• **Aim of the exercise**:
In the material below, find every line containing "Custom" and copy that line.

• **Material for this exercise**:
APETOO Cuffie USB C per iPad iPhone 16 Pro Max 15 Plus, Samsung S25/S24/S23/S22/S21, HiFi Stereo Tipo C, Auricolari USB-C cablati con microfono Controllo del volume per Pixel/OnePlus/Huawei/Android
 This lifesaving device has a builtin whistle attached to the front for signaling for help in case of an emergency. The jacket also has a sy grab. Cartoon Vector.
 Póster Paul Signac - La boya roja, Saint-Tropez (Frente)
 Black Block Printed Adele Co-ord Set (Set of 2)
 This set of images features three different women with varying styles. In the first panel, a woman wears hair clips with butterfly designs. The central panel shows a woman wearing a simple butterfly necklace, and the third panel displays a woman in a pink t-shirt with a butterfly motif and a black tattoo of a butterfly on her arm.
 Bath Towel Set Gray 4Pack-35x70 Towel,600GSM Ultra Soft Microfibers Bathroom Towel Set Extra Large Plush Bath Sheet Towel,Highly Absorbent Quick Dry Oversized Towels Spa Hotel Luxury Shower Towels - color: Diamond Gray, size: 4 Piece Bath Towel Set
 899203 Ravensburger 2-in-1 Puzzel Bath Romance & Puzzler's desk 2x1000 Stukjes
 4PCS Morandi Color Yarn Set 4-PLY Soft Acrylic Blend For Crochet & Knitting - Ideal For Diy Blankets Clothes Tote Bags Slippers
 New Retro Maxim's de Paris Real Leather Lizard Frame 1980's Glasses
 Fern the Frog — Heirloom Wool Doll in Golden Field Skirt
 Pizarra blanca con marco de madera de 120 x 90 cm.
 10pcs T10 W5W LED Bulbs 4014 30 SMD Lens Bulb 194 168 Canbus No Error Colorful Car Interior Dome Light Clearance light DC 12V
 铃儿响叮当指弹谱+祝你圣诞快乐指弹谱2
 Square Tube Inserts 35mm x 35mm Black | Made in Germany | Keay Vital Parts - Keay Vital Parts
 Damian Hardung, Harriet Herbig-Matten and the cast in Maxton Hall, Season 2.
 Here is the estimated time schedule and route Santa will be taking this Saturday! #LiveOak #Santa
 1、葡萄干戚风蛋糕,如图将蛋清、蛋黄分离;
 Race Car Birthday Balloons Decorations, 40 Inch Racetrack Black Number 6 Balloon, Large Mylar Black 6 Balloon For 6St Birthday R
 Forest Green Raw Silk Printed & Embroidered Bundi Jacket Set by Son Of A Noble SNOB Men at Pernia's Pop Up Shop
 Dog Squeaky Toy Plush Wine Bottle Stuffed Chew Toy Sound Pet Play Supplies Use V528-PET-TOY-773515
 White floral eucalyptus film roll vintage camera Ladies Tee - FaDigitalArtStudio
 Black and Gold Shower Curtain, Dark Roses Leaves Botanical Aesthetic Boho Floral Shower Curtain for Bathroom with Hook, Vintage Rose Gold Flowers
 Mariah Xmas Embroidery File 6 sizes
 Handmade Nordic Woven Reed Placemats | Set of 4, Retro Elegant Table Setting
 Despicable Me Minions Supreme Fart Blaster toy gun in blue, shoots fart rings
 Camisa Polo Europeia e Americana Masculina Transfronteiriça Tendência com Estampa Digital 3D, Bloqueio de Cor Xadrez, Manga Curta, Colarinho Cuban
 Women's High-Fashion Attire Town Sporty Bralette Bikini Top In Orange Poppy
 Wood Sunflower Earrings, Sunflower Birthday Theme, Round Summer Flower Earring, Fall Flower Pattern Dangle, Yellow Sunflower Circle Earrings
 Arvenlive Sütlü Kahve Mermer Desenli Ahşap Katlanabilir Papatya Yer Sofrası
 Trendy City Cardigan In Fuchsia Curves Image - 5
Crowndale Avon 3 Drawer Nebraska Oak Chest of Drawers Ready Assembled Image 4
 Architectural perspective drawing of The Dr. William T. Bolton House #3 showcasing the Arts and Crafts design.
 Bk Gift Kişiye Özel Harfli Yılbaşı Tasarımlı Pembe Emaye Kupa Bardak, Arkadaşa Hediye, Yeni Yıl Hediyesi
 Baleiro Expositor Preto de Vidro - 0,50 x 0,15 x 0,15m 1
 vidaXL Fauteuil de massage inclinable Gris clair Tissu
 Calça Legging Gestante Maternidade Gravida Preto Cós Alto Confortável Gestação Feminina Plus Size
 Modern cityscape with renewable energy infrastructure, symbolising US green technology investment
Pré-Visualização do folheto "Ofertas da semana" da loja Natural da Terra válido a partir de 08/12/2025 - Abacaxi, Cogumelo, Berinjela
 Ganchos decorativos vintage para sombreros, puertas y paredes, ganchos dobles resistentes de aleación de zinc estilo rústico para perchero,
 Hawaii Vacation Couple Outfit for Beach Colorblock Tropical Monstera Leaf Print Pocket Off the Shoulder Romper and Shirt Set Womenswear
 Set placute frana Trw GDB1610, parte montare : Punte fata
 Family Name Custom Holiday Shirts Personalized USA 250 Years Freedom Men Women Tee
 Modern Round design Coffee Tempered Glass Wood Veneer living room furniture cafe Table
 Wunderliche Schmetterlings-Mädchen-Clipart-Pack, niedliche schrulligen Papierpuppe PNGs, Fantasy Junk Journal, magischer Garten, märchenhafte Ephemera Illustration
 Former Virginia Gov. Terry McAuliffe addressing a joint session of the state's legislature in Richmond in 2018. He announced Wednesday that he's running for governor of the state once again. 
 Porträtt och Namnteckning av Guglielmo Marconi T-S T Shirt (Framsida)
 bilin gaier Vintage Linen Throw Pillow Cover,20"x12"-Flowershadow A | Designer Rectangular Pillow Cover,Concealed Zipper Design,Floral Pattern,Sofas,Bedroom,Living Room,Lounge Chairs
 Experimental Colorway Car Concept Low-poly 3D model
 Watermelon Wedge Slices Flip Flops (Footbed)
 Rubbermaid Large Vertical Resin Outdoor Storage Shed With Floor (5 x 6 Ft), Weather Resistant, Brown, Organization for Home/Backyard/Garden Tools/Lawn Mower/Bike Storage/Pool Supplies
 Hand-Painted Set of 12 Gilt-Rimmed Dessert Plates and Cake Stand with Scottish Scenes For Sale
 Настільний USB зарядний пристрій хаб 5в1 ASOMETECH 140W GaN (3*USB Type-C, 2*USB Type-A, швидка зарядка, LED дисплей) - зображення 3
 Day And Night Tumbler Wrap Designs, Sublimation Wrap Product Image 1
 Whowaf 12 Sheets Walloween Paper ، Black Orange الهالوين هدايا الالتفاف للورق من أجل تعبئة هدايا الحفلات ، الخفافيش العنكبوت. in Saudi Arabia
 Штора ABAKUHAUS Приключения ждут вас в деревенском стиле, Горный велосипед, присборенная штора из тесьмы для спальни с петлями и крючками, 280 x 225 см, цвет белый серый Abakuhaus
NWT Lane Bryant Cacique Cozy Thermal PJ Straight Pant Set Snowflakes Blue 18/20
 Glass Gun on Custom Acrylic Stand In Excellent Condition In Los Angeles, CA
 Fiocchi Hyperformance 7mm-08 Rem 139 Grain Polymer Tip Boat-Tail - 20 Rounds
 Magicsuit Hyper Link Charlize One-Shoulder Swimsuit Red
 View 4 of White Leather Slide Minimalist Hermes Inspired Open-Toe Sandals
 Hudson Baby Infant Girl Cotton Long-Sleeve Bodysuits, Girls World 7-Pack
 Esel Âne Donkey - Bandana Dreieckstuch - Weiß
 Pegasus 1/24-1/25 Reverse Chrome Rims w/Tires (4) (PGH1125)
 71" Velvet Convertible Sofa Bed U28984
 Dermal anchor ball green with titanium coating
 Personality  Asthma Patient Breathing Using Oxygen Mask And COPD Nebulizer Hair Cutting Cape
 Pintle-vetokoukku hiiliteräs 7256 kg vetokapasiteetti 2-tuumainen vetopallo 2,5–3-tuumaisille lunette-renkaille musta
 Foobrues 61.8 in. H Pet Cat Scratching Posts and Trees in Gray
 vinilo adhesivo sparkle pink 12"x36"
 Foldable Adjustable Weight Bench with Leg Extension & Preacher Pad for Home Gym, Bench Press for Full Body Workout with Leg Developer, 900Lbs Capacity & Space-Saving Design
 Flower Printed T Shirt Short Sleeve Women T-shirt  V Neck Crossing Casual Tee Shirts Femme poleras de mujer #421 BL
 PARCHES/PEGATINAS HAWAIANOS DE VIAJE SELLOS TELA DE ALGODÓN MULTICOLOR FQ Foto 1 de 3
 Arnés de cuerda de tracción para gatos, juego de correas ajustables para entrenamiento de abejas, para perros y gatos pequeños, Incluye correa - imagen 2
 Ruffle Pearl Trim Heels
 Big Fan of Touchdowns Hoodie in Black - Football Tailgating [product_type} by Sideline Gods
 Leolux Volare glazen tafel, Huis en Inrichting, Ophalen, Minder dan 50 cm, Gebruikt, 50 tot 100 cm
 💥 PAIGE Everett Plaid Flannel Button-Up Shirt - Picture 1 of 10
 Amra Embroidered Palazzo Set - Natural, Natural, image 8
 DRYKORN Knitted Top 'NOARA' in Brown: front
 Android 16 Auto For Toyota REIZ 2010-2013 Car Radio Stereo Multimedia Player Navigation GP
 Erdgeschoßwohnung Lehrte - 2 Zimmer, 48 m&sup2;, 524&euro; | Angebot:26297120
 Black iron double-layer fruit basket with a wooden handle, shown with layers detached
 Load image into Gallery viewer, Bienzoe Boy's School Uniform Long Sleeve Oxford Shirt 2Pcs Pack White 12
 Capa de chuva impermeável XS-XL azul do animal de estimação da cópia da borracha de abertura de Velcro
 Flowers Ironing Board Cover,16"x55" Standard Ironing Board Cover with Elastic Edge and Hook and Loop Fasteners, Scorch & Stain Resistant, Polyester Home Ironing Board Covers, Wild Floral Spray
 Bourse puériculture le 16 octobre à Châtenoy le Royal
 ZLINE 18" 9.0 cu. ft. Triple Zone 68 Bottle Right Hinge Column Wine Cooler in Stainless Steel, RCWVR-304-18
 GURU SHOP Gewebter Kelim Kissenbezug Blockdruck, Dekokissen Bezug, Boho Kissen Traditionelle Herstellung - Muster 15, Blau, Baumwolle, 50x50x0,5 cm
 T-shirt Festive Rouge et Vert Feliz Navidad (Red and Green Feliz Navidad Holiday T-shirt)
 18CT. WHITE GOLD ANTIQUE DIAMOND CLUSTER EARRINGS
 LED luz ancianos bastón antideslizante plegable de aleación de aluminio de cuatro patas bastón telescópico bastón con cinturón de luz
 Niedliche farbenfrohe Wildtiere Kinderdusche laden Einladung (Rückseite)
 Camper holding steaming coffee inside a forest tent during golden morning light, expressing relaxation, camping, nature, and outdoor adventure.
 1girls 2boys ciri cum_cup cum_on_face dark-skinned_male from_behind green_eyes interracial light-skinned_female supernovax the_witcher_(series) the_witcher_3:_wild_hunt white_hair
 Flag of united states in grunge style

• **Answer section**:
 Family Name Custom Holiday Shirts Personalized USA 250 Years Freedom Men Women Tee
 Glass Gun on Custom Acrylic Stand In Excellent Condition In Los Angeles, CA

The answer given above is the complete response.